Czeski przewoźnik kolejowy, firma RegioJet, otrzymał od Urzędu Transportu Kolejowego zgodę i otwarty dostęp na uruchomienie połączenia pomiędzy Polską i Chorwacją. Trasa będzie prowadzić od Krakowa do Splitu i Rijeki. Wydane przez UTK pozwolenie jest ważne przez pięć kolejnych, polskich rozkładów jazdy. Wlicza się w to także ten, który wszedł w życie 12 grudnia 2021 roku.
Zgodnie z przedstawionymi we wniosku informacjami połączenie kolejowe miałoby charakter sezonowy. Przewoźnik planował realizację kursów w okresie wakacyjnym – od czerwca do września. Taki urlopowy kurs cieszy się już teraz ogromnym zainteresowaniem ze strony pasażerów. Pierwszy pociąg miał wstępnie wyruszyć 15 czerwca tego roku. Jednak inauguracyjny przejazd przewoźnik może przesunąć o rok.
Dlaczego kursy nie zostaną uruchomione w 2022 roku?
Na chwilę obecną nie planujmy jeszcze kolejowej podróży do Chorwacji. Wątpliwości z uruchomieniem kursów ma bowiem sam przewoźnik. RegioJet uzyskało pozytywną odpowiedź od UTK, jednak teraz musi dokładnie przeanalizować szanse na uzyskanie przepustowości w ramach bieżącego rozkładu jazdy. Jeśli przewoźnik uzna, że nie jest ona satysfakcjonująca lub, że kursowanie na tej trasie wiązałoby się z wywoływaniem utrudnień w obsłudze relacji krajowych, podejmie decyzję o wprowadzeniu połączenia w czerwcu 2023 roku.
Zapobiegliwie RegioJet nie uruchomił także sprzedaży biletów na pociąg podróżujący nad Adriatyk. A ich cena z pewnością nie będzie zaporowa – szacuje się, że może oscylować w granicach 200 złotych (porównywalnie do cen obowiązujących na trasie Praga – Split/Rijeka).

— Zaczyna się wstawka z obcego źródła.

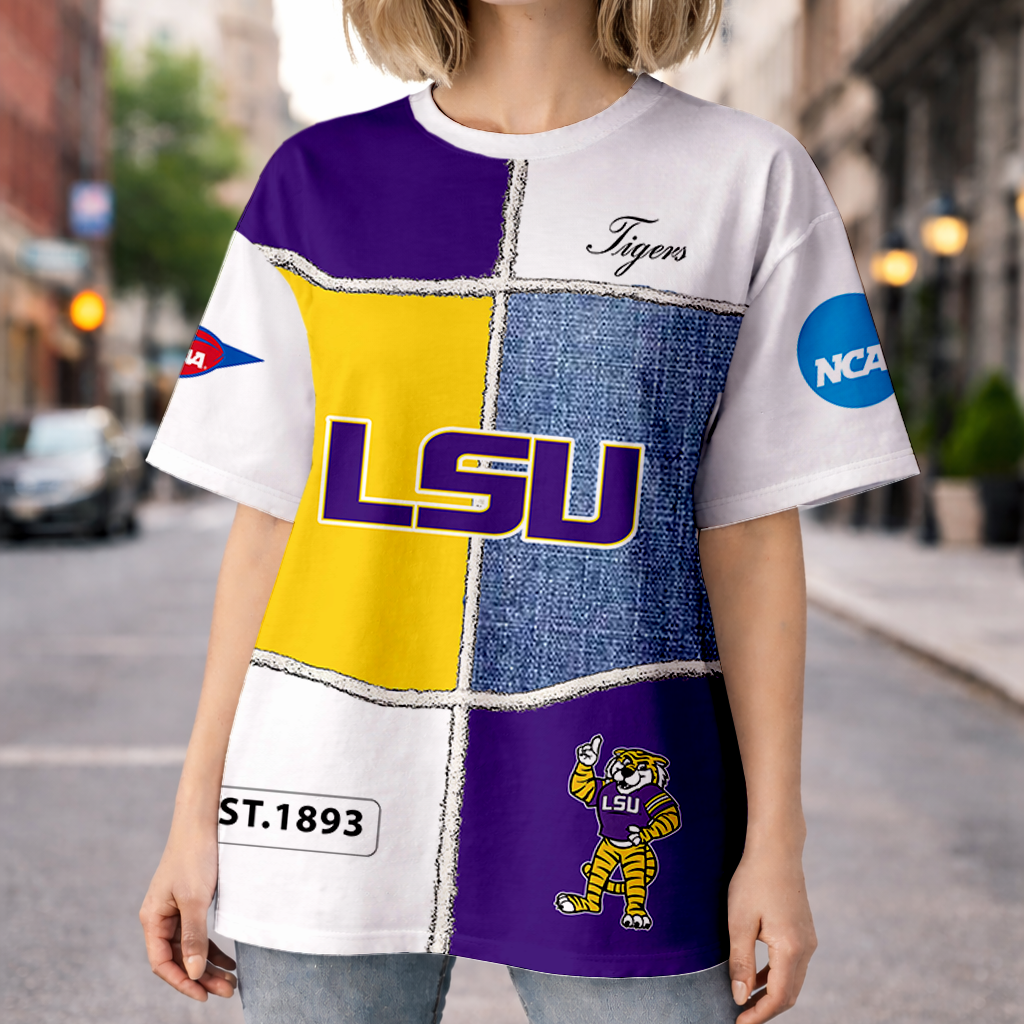 VIRAL EDITION - NEW CUSTOMIZED NCAA FBS29 LST LSU TIGERS HOODIE, T-SHIRTS, ZIP HOODIE, SWEATSHIRTS & POLO SHIRT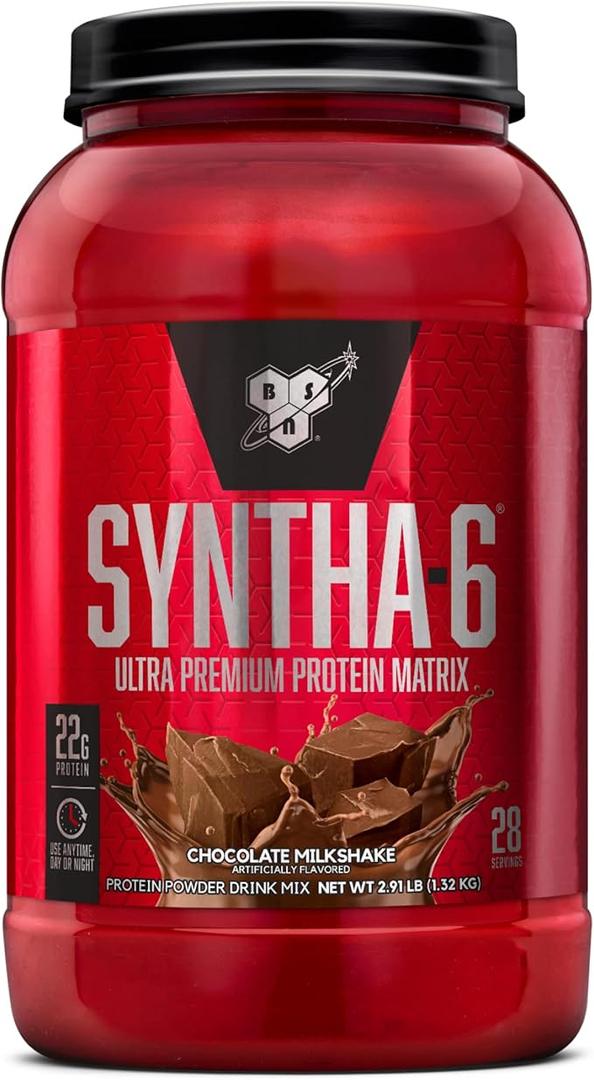 BSN SYNTHA-6 Whey Protein Powder, Micellar Casein, Milk Protein Isolate, Chocolate Milkshake, 28 Servings, BBD: 2028.03.18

Zgodnie z założeniami pociąg będzie ruszał z Krakowa. W Polsce przejedzie dodatkowo przez stacje: Katowice, Tychy, Rybnik i Wodzisław Śląski (tylko dla pasażerów wsiadających). W Ogulinie pociąg zostanie rozdzielony na dwa odrębne składy – jeden jadący do Splitu, a drugi do Rijeki.
Z Polski pociągi wyjeżdżać mają we wtorki, piątki i niedziele. W pozostałe dni tygodnia (ale bez czwartku) przewoźnik planuje trasy powrotne.